Granted, most people would consider that a tip should only apply to service, but it raises the question of how difficult it would be to present customers with tipping options based on the subtotal.

It's a bit of the "wild, wild West," says Tim Silk, associate professor of teaching, marketing and behavioural science division at the Sauder School of Business.

"There's a lot less transparency nowadays," says Silk.

Using a food truck, for example, "they got it set up that I can choose 15, 18 or 20 per cent. And maybe I only want to do 10. But I don't know in that situation, is it 10 per cent of pre-tax or post-tax?" says Silk.

Possibly adding to the totals will be the introduction of credit card surcharges on the total bill, at the discretion of food service providers. This stems from Visa and Mastercard revising acceptance rules for merchants choosing to do so after they previously prohibited it.

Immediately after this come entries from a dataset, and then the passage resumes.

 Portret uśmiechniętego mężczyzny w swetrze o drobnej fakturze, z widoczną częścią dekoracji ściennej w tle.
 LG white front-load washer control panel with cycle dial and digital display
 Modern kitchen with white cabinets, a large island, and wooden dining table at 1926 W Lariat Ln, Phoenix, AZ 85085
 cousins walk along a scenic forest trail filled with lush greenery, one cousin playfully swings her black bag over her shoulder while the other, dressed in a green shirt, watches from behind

This roughly 1.5 per cent surcharge, if added to the final bill, will likely cost British Columbians $2.25 million in additional tips for every billion dollars paid by credit card.

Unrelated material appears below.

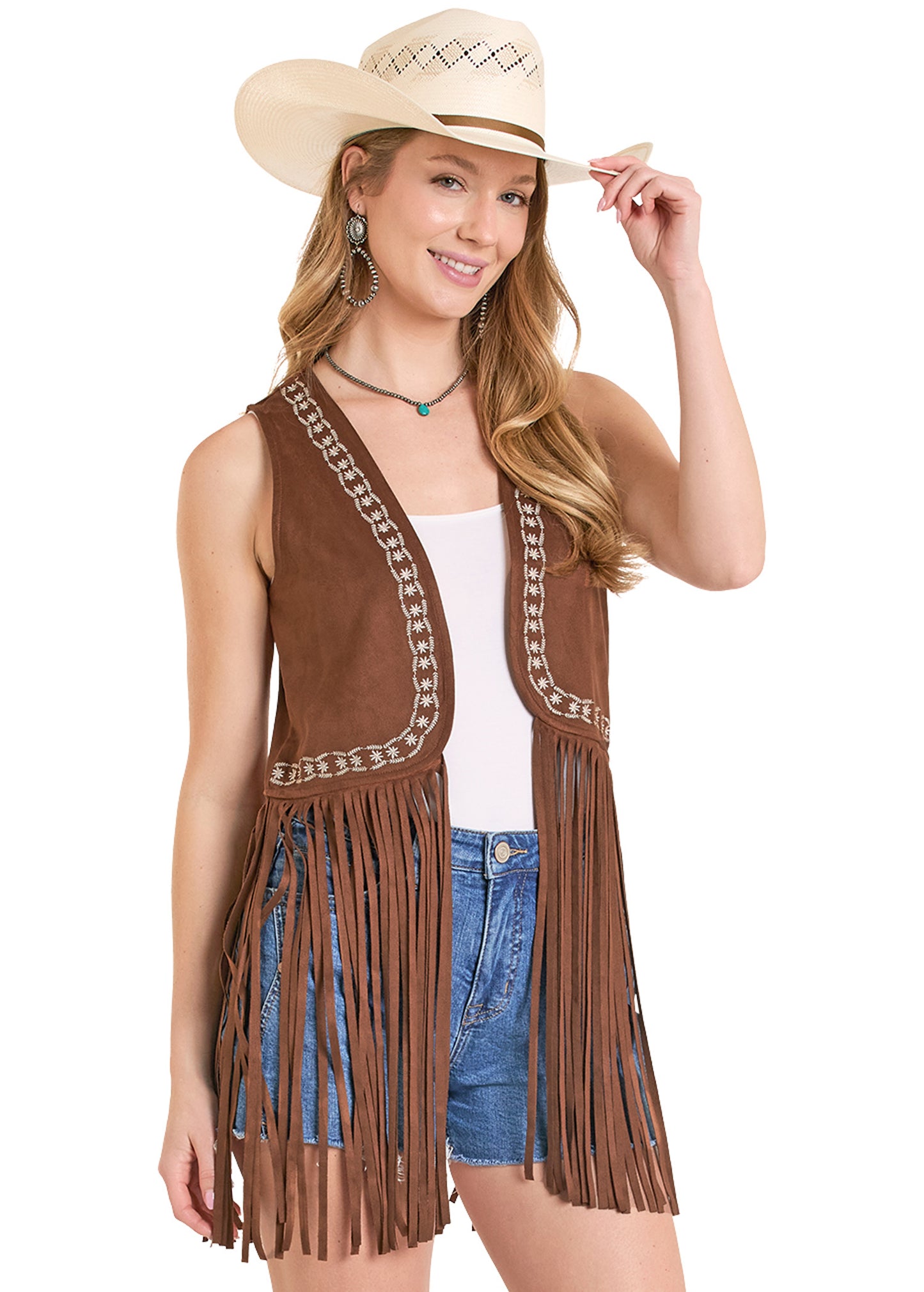 Woman wearing a brown fringe vest, white top, and denim shorts with a beige cowboy hat.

That is if the customer bases their tip on the subtotal.

Industry experts such as Tikkanen and Silk say people generally won't pay much attention to the taxes and fees when tipping. Between the servers, managers, payment processors and banks, there's little interest in making the service subtotals more transparent.

"This is probably a technology limit. It's probably not something that the bank cares very much about. They're probably not super motivated to go and spend a bunch of money to make the software to do that," says Tikkanen.

Moneris, the largest payment processor, which takes 0.4 per cent of all transactions, explained to Glacier Media that it's either impossible or impractical to have the payment terminals show the subtotals on tips. It's impossible if the restaurant computers don't communicate with the terminal. And if they do, the next issue arises by calculating different taxes across jurisdictions and even on other products, such as alcohol. 

‘Where do your tips go?’

While there are always anecdotal concerns about whether your entire tip is received and kept by service staff, B.C. has laws to ensure this is so.

The Employment Standards Act defines gratuities as any voluntary payments a reasonable person would infer go to an employee. The money cannot be kept by employers (managers and owners), unless the employer “substantially” conducts the same work. Employers can require employees to pool their tips, and to share them with those employees who work in positions that otherwise have no access to tips.

And there are no reasons for an employer to garnish tips, including business costs.

This means employers also eat the fees associated with higher bills due to tipping. For example, on a $100 bill that includes $10 of tips, the employer will be charged about two per cent in processing fees. And so the employer would have to pay $0.20 from that bill, as all $10 must go to the employees.